Большинство считает ХХ век самым жутким периодом в истории человечества, ведь на него пришлось две мировые войны, огромное количество региональных конфликтов, а также появление терроризма во всех его современных пониманиях. Однако канадский нейропсихолог Стивен Пинкер в своей книге «Лучшее в нас: Почему насилия в мире стало меньше» утверждает, что это не так. Книге и вопросам, которые поднимает ученый, была посвящена онлайн-дискуссия, состоявшаяся под эгидой Сахаровского центра. В ней приняли участие политолог Екатерина Шульман, профессор Европейского университета в Санкт-Петербурге Дмитрий Травин и социолог Элла Панеях. Модерировал встречу публицист Борис Грозовский. «Лента.ру» публикует выдержки из этой дискуссии.
Супер-государства — новые левиафаны
Екатерина Шульман, политолог, доцент кафедры политических и правовых учений факультета политических наук Московской высшей школы социальных и экономических наук («Шанинка»):
Не хочется в очередной раз говорить о том, что насилия в мире стало меньше, и получать ответ, что это не так, просто оно изменилось, или еще одно возражение имени Нассима Талеба: «Вот завтра война будет, и тогда вся ваша цепь рассуждений сломается».
Когда мы говорим о снижении насилия в мире, проблема состоит в том, что по мере того, как фронтальное физическое насилие действительно уменьшается, происходит одновременное переосмысление этого термина.

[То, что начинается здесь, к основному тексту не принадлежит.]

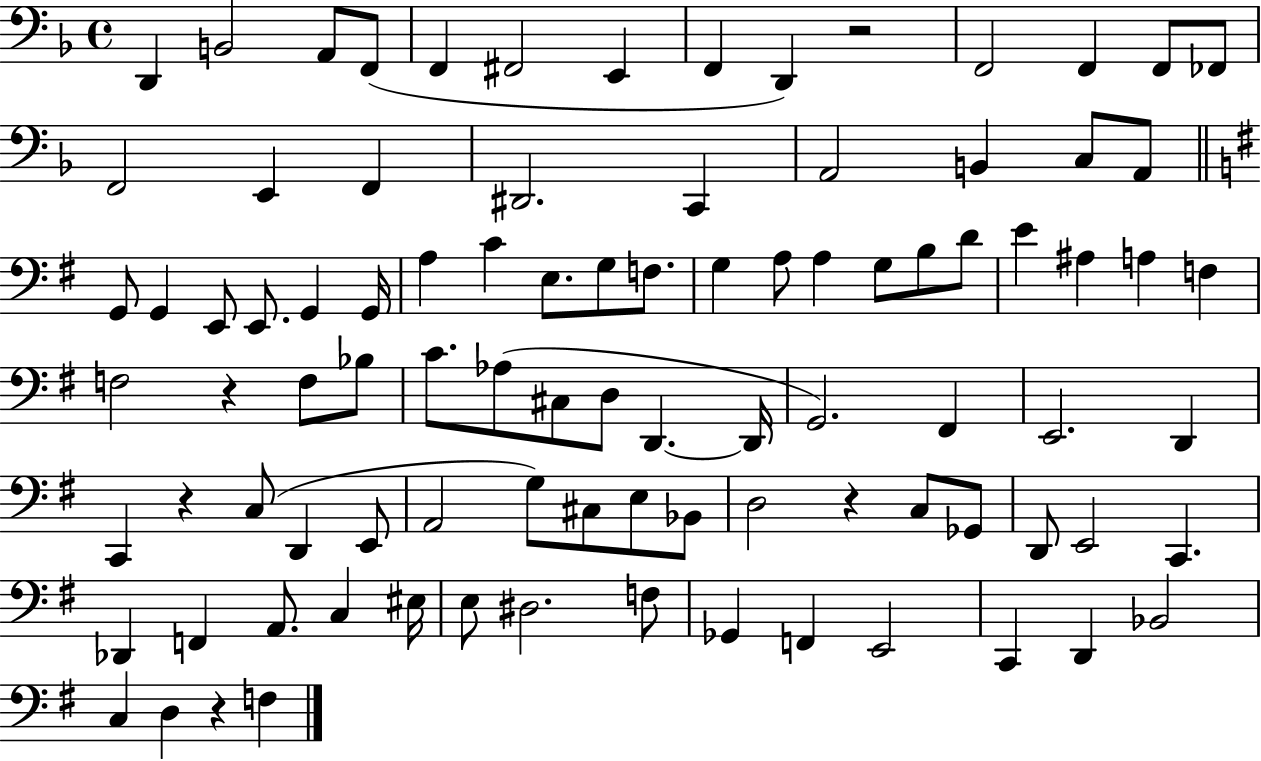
X:1
T:Untitled
M:4/4
L:1/4
K:F
D,, B,,2 A,,/2 F,,/2 F,, ^F,,2 E,, F,, D,, z2 F,,2 F,, F,,/2 _F,,/2 F,,2 E,, F,, ^D,,2 C,, A,,2 B,, C,/2 A,,/2 G,,/2 G,, E,,/2 E,,/2 G,, G,,/4 A, C E,/2 G,/2 F,/2 G, A,/2 A, G,/2 B,/2 D/2 E ^A, A, F, F,2 z F,/2 _B,/2 C/2 _A,/2 ^C,/2 D,/2 D,, D,,/4 G,,2 ^F,, E,,2 D,, C,, z C,/2 D,, E,,/2 A,,2 G,/2 ^C,/2 E,/2 _B,,/2 D,2 z C,/2 _G,,/2 D,,/2 E,,2 C,, _D,, F,, A,,/2 C, ^E,/4 E,/2 ^D,2 F,/2 _G,, F,, E,,2 C,, D,, _B,,2 C, D, z F,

Поэтому мы, в некоторой степени уйдя от эпохи человеческих жертвоприношений, публичных казней и каннибализма, уже под насилием понимаем нечто другое, но не потому, что стали изнеженными снежинками, а потому, что меняется наша цивилизация.

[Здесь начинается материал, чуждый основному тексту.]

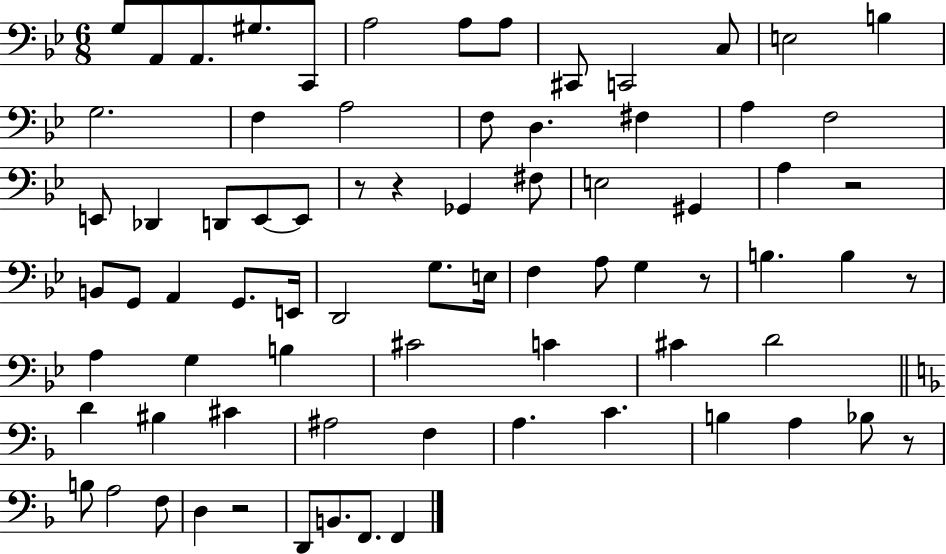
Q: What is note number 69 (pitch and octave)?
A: F2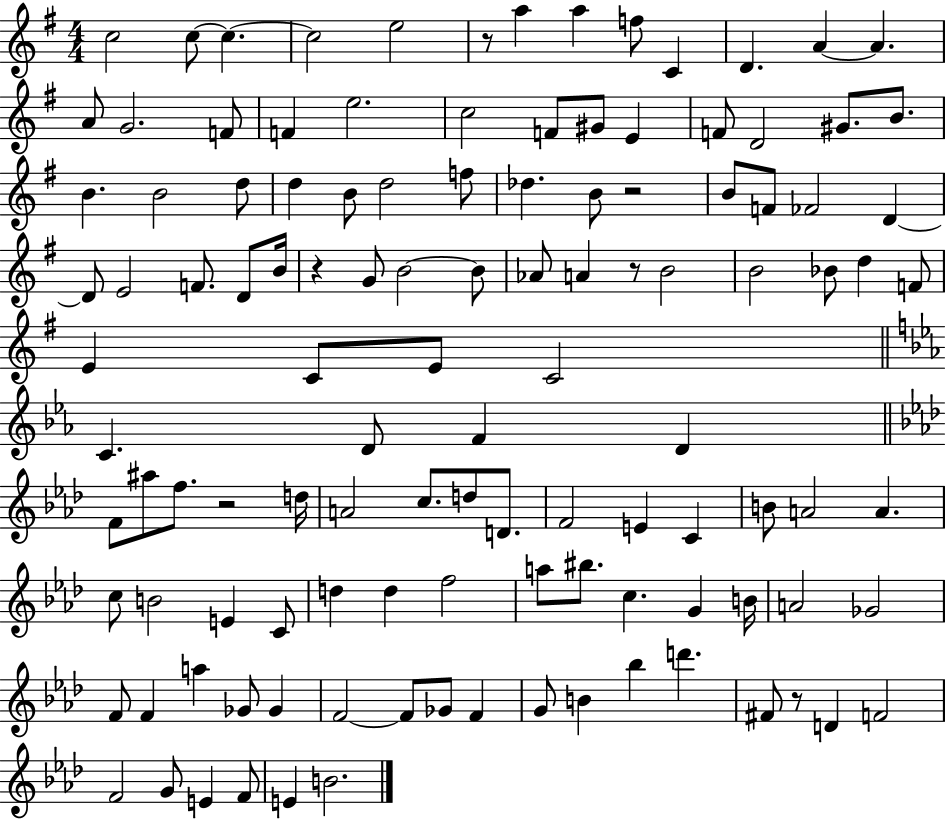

Эта многофакторность предполагает не то, что в человека внезапно вселилась какая-то добродетель и гуманизм, здесь имеет место влияние самых разных сил. Например, развитие торговли и ее глобализация, феминизация в смысле увеличения женского участия в социальной, а потом и в политической жизни… Появление пресловутого Левиафана, аккумулировавшего насилие в себе и препятствующего таким образом гражданам убивать друг друга в частном порядке.
Этот процесс тоже нелинейный.
Государство, становясь могучим, централизованным левиафаном, приобретает и такие средства уничтожения, которые охотникам и собирателям, просто кидавшимся друг в друга копьями, были неведомы. Но хотя государство может развязать войну с другим государством, оно также препятствует тому, чтобы жители двух соседних районов пошли войной друг на друга.
Дальше возникает вопрос, при каком сценарии будет меньше жертв количественно, и это — вопрос истории ХХ века. По процентной доле уничтожения людей войны ХХ века были совсем не рекордными. Количественно они были впечатляющими, потому что и человечество стало многочисленным, и его средства уничтожения самого себя приобрели невиданную мощь. Но войны прошлого были гораздо разрушительнее в отношении той доли людей, которые они имели возможность убить как непосредственно, так и вследствие разрухи и голода, которые следовали за ними.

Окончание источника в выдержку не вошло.